L’oblio collettivo sul 25 aprile e il ruolo del servizio pubblico
Davvero il 25 aprile ha perso la sua carica emotiva? Davvero, come sostiene lo storico Emilio Gentile, la data che segna la liberazione del paese dalla dittatura nazi-fascista e la fine della seconda guerra mondiale si sta dissolvendo in un oblio collettivo?
Il 25 aprile è solo cronaca (i vergognosi insulti contro la Brigata Ebraica) e non più storia? Il palinsesto del servizio pubblico è un buon osservatorio per verificare la tesi di Gentile. La sera del 25 aprile sulle tre reti principali della Rai andavano in onda questi programmi: Rai1, il film Amiche da morire; Rai2, un omaggio musicale a Lucio Dalla, per la serie Unici; Rai3, l’immarcescibile Chi l’ha visto? Durante la giornata i tre canali hanno aperto piccole finestre sulle celebrazioni del 73° anniversario della Liberazione: al mattino una diretta da Casoli, a cura di Rai Quirinale, modesti spazi dentro I Fatti Vostri e Detto Fatto, qualche film e Corrado Augias.
Ma non è questo il modo con cui un servizio pubblico dovrebbe celebrare la festa più importante della Repubblica, quella «Patria che aveva meritato il sacrificio eroico di tanti soldati italiani», come ha ricordato il presidente Sergio Mattarella.

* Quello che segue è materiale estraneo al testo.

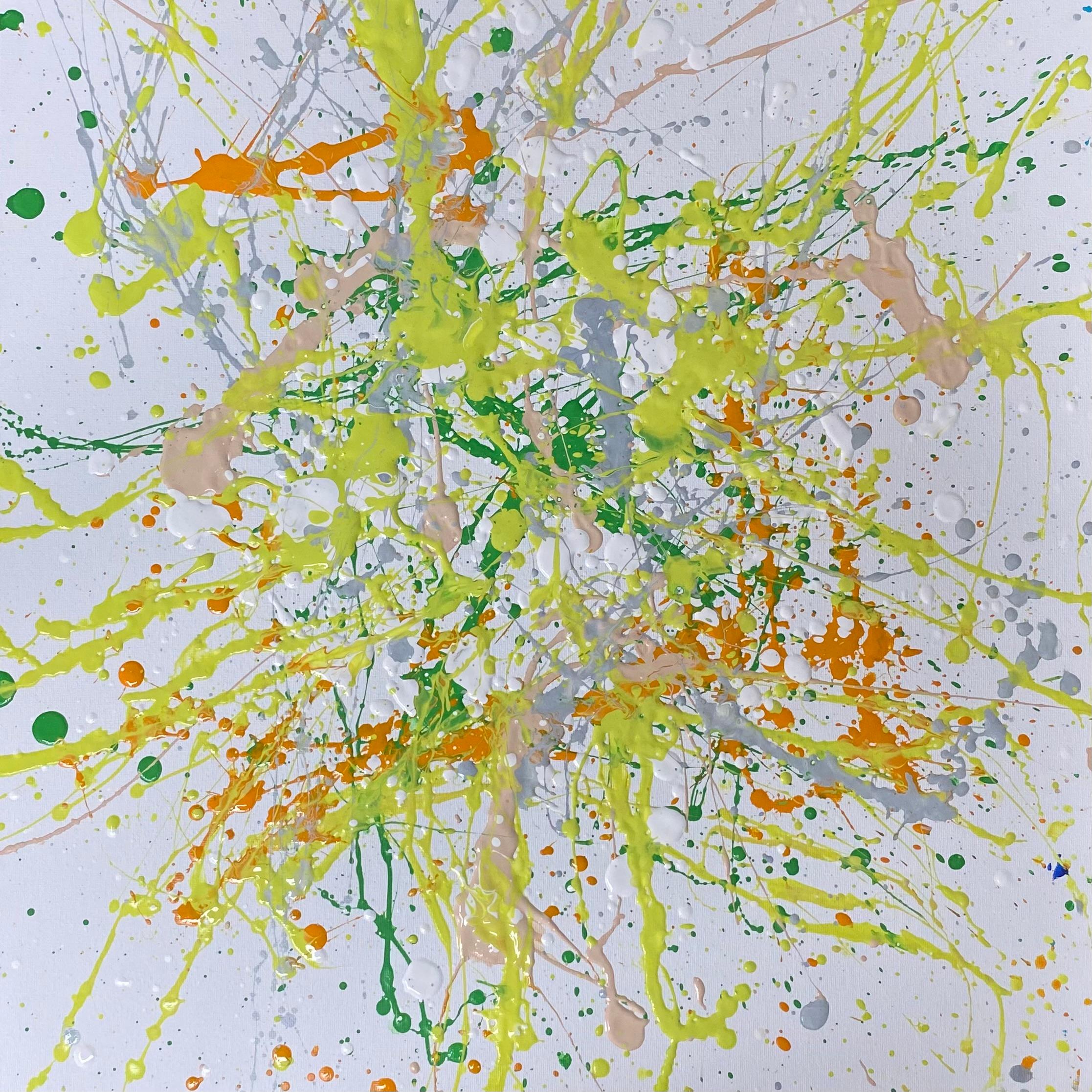 Sensazione di energia - giallo, verde, bianco, grande astrazione colorata, gocce - Painting Astratto di Nataliia Krykun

Si dirà: ma la Rai ha altri canali. È vero e, infatti, nella marginalità Rai Storia ha fatto il suo dovere con una lunga maratona. Interessante il documentario Tra resistenza e martirio, in cui sono raccontate tre grandi figure della Resistenza piemontese: Emanuele Artom, ebreo, Willy Jervis, valdese, Leletta d’isola. Ma quando giustamente si parla di oblio collettivo, entra in gioco prepotentemente il ruolo del servizio pubblico, la sua capacità di saper ancora fare massa critica, la capacità di confezionare programmi in cui l’intelligenza e la creatività non vengano umiliate.
O dobbiamo prender atto che il ciclo storico del servizio pubblico è concluso? Che la sua idea sia ormai solo idealizzazione?